Conclusions and Significance

This study demonstrates that PhenoAgeAccel is significantly associated with VTE risk and can be combined with genetic risk to improve the accuracy of VTE risk stratification. As an easily accessible clinical biomarker, PhenoAgeAccel holds promise for guiding VTE prevention and treatment strategies. Additionally, the study reveals the mediating role of PhenoAgeAccel in the associations between cancer, obesity, and VTE, providing new insights into the complex relationships among these conditions.

Research Highlights

  1. Novel Biomarker: PhenoAgeAccel, as a new biological aging indicator, was applied for the first time to predict VTE risk, showcasing its potential in clinical practice.
  2. Combined Effect Analysis: The study is the first to combine PhenoAgeAccel with genetic risk, revealing their synergistic effects on VTE risk and offering new approaches for precision prevention.
  3. Mediation Effect Exploration: Through mediation analysis, the study uncovered the mediating role of PhenoAgeAccel in the associations between cancer, obesity, and VTE, providing new evidence for understanding the pathogenesis of these diseases.

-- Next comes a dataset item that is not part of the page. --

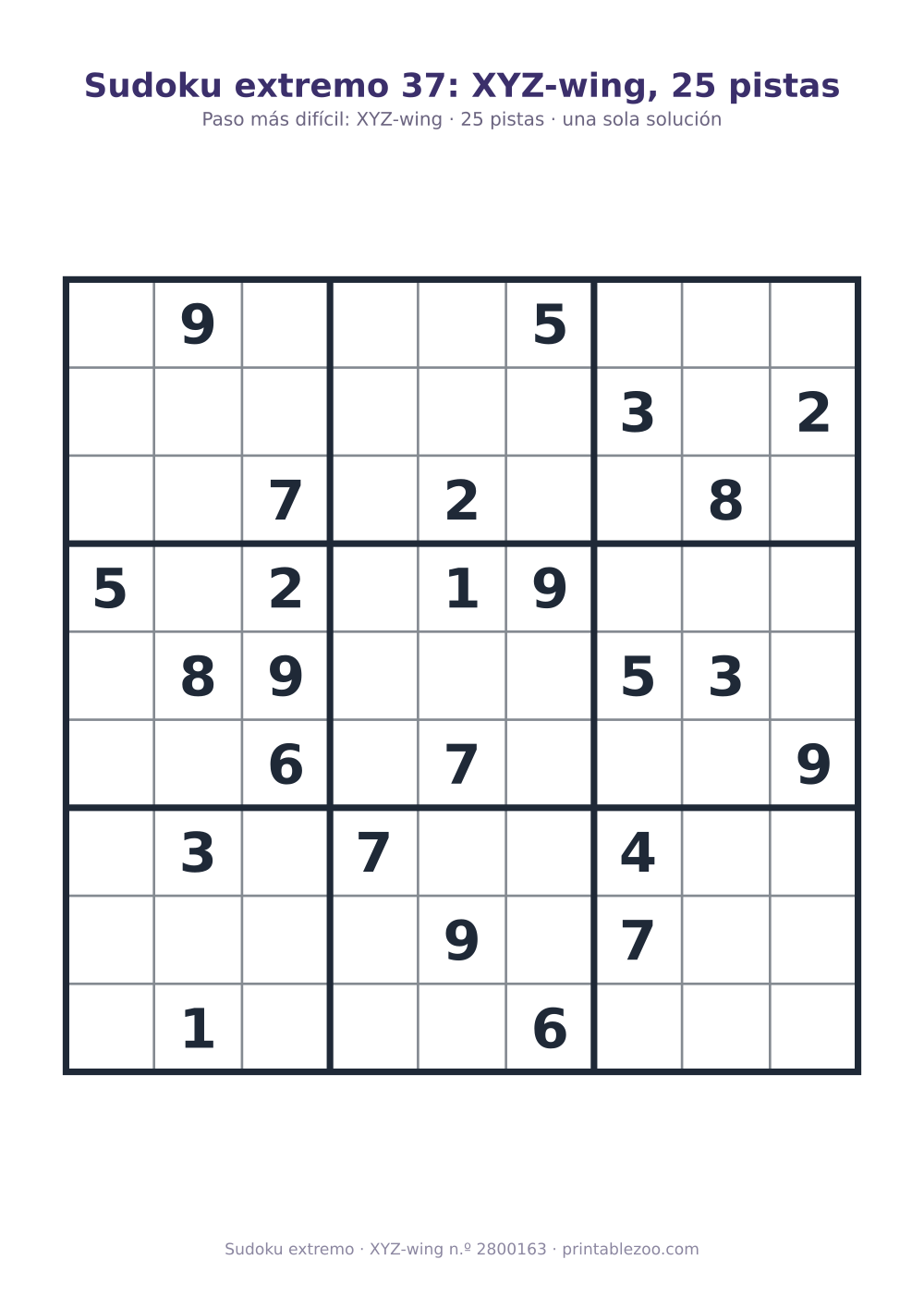 Sudoku extremo para imprimir de nivel XYZ-wing, 25 pistas, pasatiempo 2800163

Additional Valuable Information

The study also compared the predictive performance of PhenoAgeAccel with that of the traditional aging biomarker, telomere length, and found that PhenoAgeAccel performed better in predicting VTE risk. Furthermore, the robustness of the results was validated through stratified and sensitivity analyses.

This study provides new biomarkers and methods for VTE risk stratification and precision prevention, offering significant scientific and practical value.